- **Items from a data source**
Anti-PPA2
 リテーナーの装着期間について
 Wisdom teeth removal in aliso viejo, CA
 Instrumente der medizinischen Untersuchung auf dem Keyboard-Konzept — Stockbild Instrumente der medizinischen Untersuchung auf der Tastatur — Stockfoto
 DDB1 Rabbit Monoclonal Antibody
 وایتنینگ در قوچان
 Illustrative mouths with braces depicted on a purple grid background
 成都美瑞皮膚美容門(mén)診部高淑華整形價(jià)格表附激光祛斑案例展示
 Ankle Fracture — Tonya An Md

- **Activity**
The lines from the one holding "وایتنینگ در قوچان" to the last line of the entries, both included: retype them exactly and give nothing else.

- **Answer box**
 وایتنینگ در قوچان
 Illustrative mouths with braces depicted on a purple grid background
 成都美瑞皮膚美容門(mén)診部高淑華整形價(jià)格表附激光祛斑案例展示
 Ankle Fracture — Tonya An Md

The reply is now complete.